WHAT IS BEING ASKED — Skip the pictures, please, and write out exactly every line from the one containing "VIDEO Policija pucnjavom" through the end of the listing below.

*****

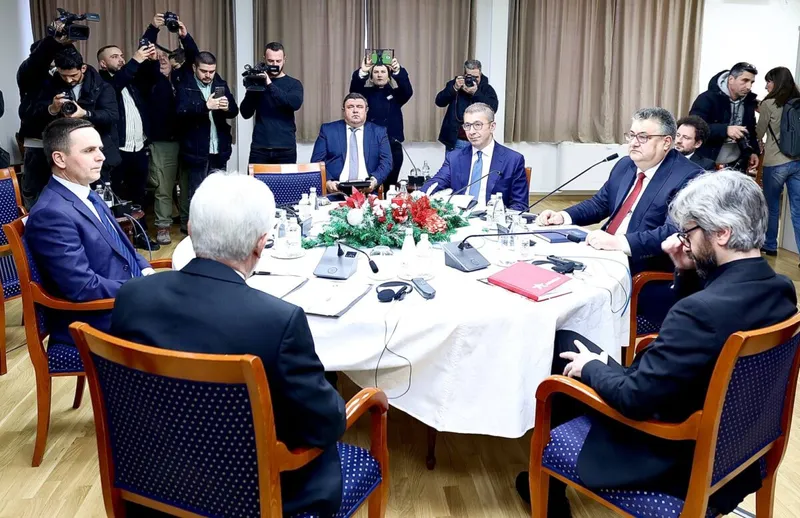 Анкетата на Маркет Вижн: ВМРО-ДПМНЕ и Мицкоски убедливо пред СДСМ и Филипче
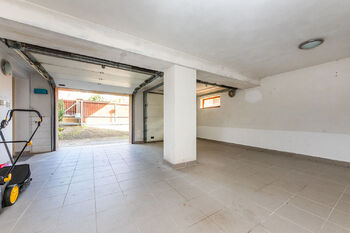 Prodej domu 300 m², Praha 5 - Řeporyje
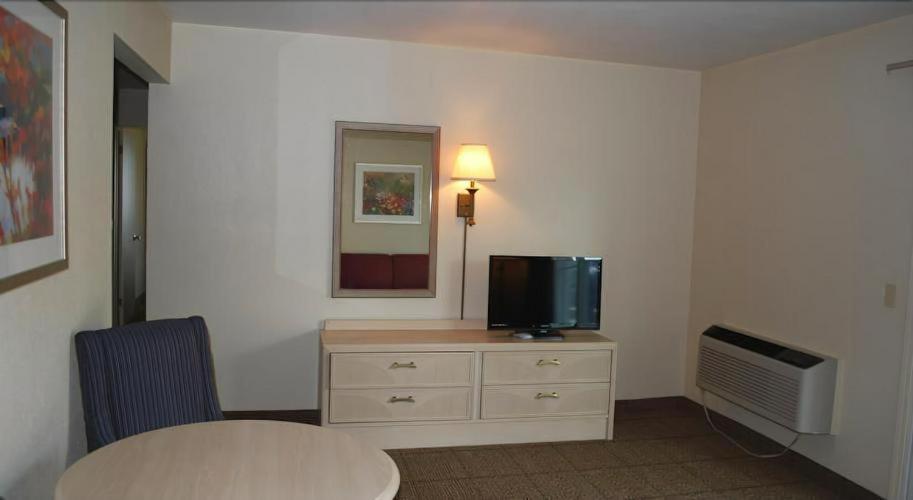 Clinton Inn & Suites Port Clinton Εξωτερικό φωτογραφία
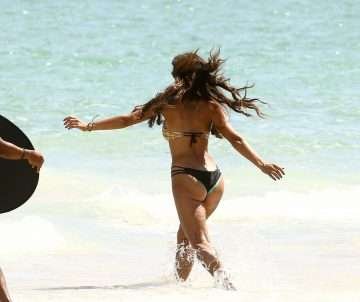 Metisha Schaefer en bikini à Miami Beach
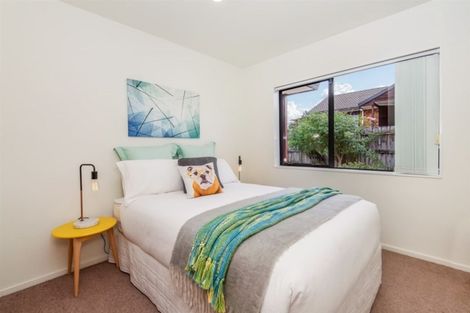 Photo of property in 2/55 Seaview Road, Glenfield, Auckland, 0629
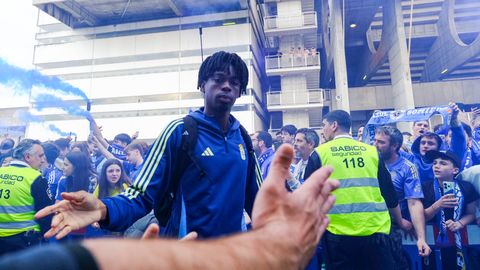 Recibimiento al Real Oviedo en la previa del partido contra el Villarreal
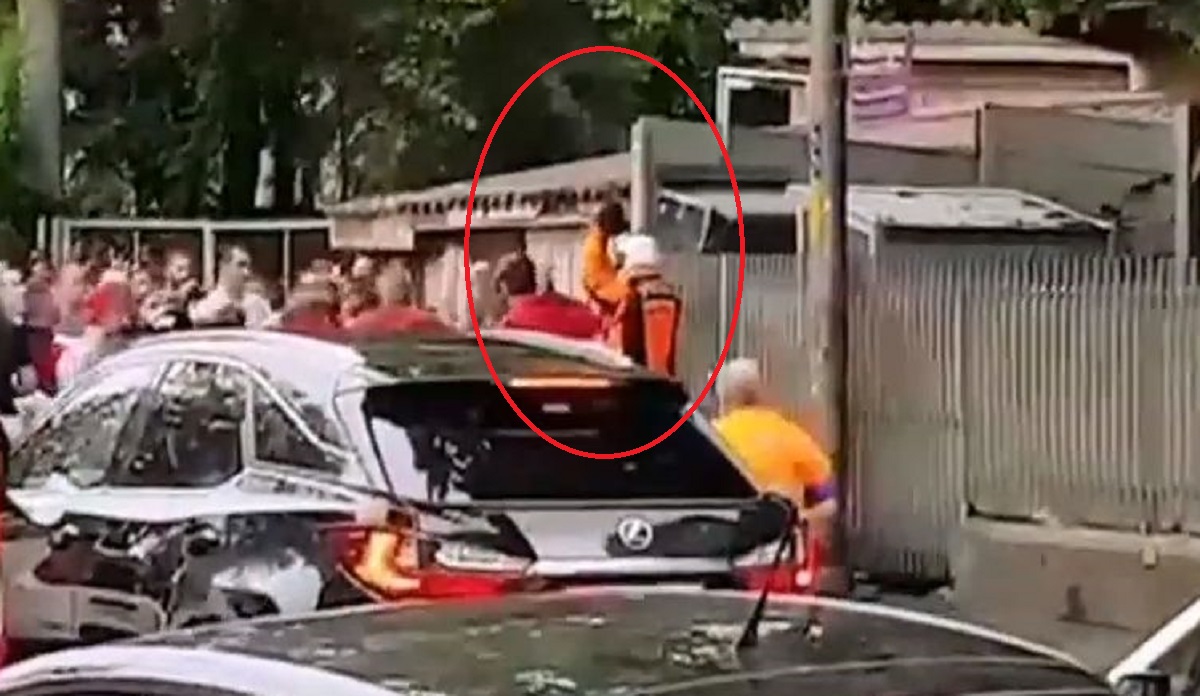VIDEO Policija pucnjavom spasila Švicarce koje su mlatile Delije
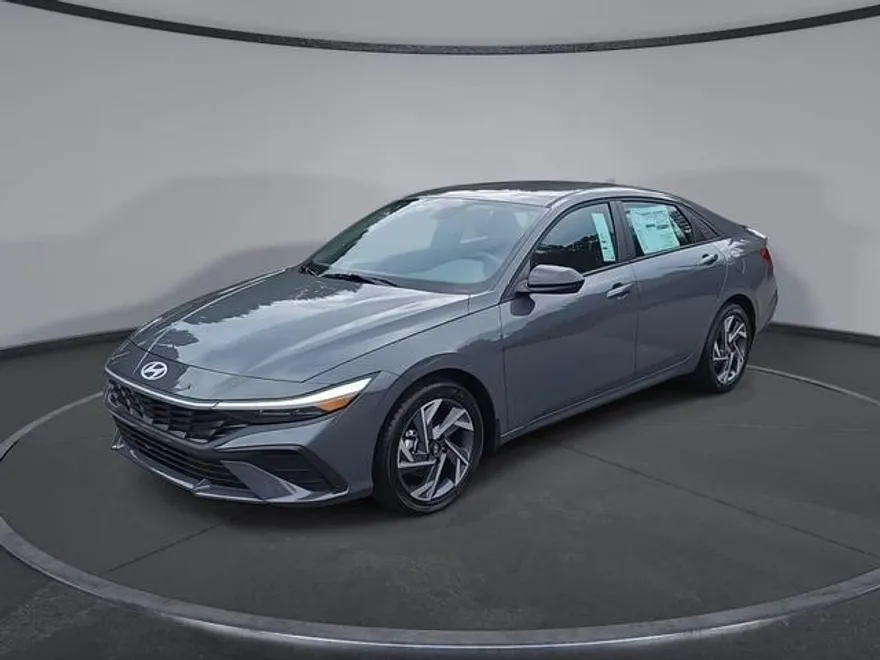 2025 Hyundai Elantra SEL Sport photo 1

*****

OUTPUT BELOW —
VIDEO Policija pucnjavom spasila Švicarce koje su mlatile Delije
 2025 Hyundai Elantra SEL Sport photo 1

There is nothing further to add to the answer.